So ähnlich sagen es viele Delegierte des Parteitages. Etwas falsch gemacht zu haben, sagen nicht ganz so deutlich Andrea Nahles und Sigmar Gabriel, Generalsekretärin und Vorsitzender der SPD – Hoffnungsduo der Partei seit dem Parteitag von Dresden vor zehn Monaten. Obwohl sie gern starke Worte benutzen und obwohl sie den Eindruck erwecken, dass sie genau das soeben tun – korrigieren, was in elf Jahren Regierungszeit der SPD falsch gelaufen ist. Doch wenn sie reden, klingt es, als hätten sie mit den Ursachen der Misere nichts zu tun, die sie beklagen. Und das ist das Rezept. Korrektur ohne Selbstkritik. Die Delegierten haben mehrheitlich offenbar nichts dagegen, es ist der bequemere Weg auch für sie. Es findet sich keiner an der Spitze der Partei, der sich von der Regierungszeit Gerhard Schröders, von den Beschlüssen der rot-grünen Bundesregierung zum Arbeitsmarkt, der heute im Mittelpunkt der Diskussion steht, distanzieren würde. Klaus Wowereit, Regierender Bürgermeister von Berlin und damals einer der wenigen Kritiker Schröders, bekennt vor einer Kamera, dass er stolz auf diesen ist.
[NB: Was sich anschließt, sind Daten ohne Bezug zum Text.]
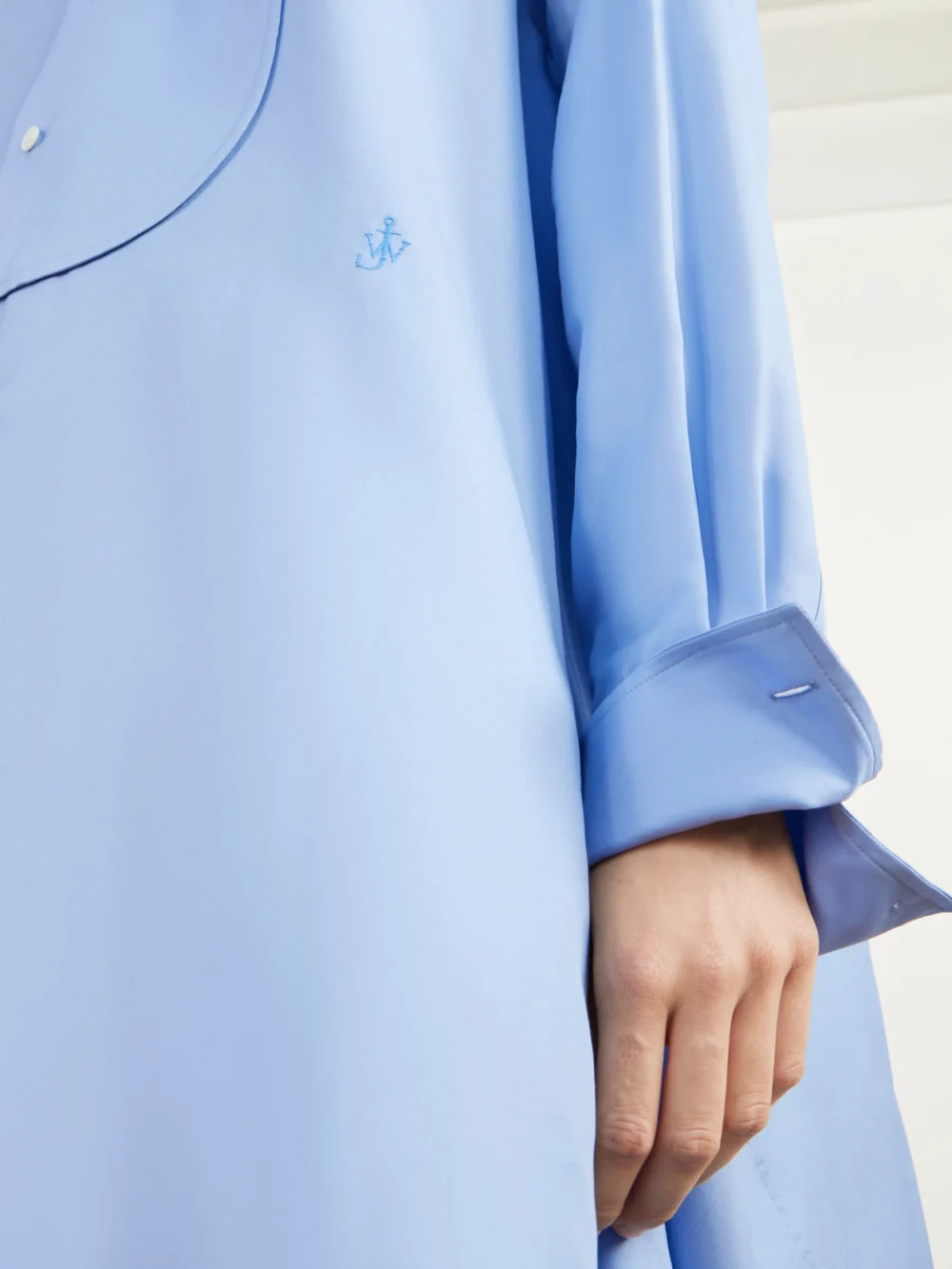 Close-up detail of the JW Anderson Tie-detailed Logo-embroidered Cotton and Silk-blend Poplin Mini Dress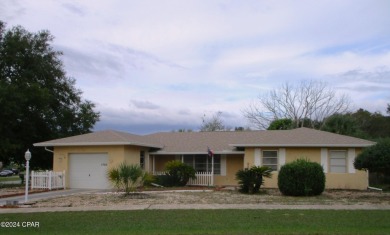 As one of the original sturdy concrete block homes that was on Sunny Hills Golf and Country Club in Florida - for sale on GolfHomes.com, golf home, golf lot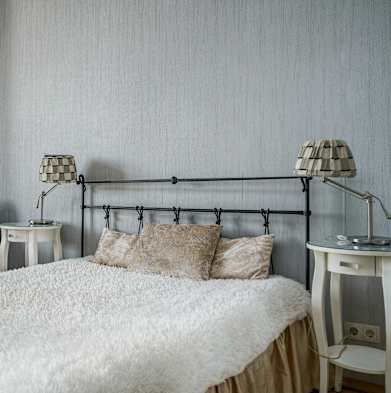 a bedroom with a bed and a chair and a table with lamps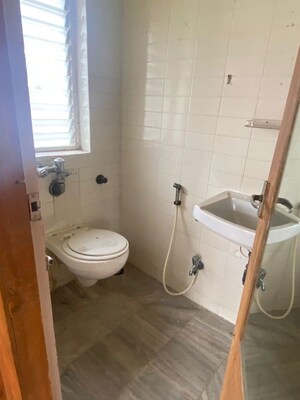 Bathroom in 2 BHK Apartment at Raj Mandir CHS, Andheri West – for Rent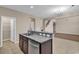 Stylish kitchen island with granite countertops and a stainless steel dishwasher, adjacent to living area at 1616 Deltura Dr., Myrtle Beach, SC 29588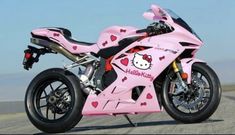 a pink hello kitty motorcycle parked on the side of the road with hearts painted on it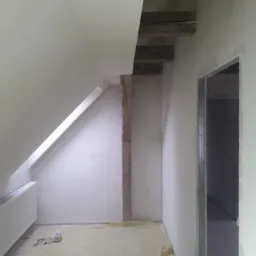 Poddasze w trakcie adaptacji: ściany wykończone gładzią, widoczna drewniana belka konstrukcyjna, grzejnik i zabezpieczona folią podłoga, przygotowany otwór drzwiowy.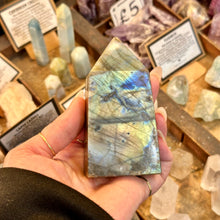 Load image into Gallery viewer, Flat face of the labradorite obelisk showing its natural lines and flash - Let's Jam, Camden Market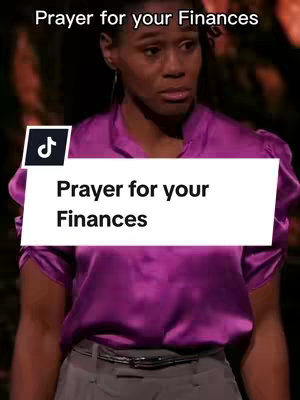 A woman with a serious expression is centered in the image. She is wearing a purple top and a light gray skirt. The background is dark, and the focus is on her upper body and face. A white rectangle with the text "Prayer for your Finances" is overlaid on the lower half of the image, and there is a small TikTok logo on the top left.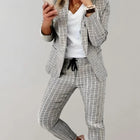 HOPE | Tweedelige set met getailleerde geruite blazer en bijpassende broek - Visconte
In einem Beschluss vor vier Wochen hatte der Parteivorstand die strengen Worte eines Leitantrages beschlossen, in dem die Regierungszeit der SPD zwar immer noch als Erfolg bezeichnet wurde, aber in einzelnen Bewertungen die Kritik unverhohlen schimmerte. Die Reformen seien »eindimensional« auf »Aktivierung« der Arbeitnehmer« ausgerichtet gewesen und stünden deshalb »mit den Gerechtigkeits- und Moralvorstellungen unserer Arbeitskultur nicht in Einklang«. Im Leitantrag, den der Parteitag beschließt, ist diese deutliche Form der Kritik nicht mehr zu lesen. Die Abkehr von bisherigen Positionen ist verborgen in einer wohlgeordneten Einbettung in Krisenbeschreibungen und internationale Zusammenhänge.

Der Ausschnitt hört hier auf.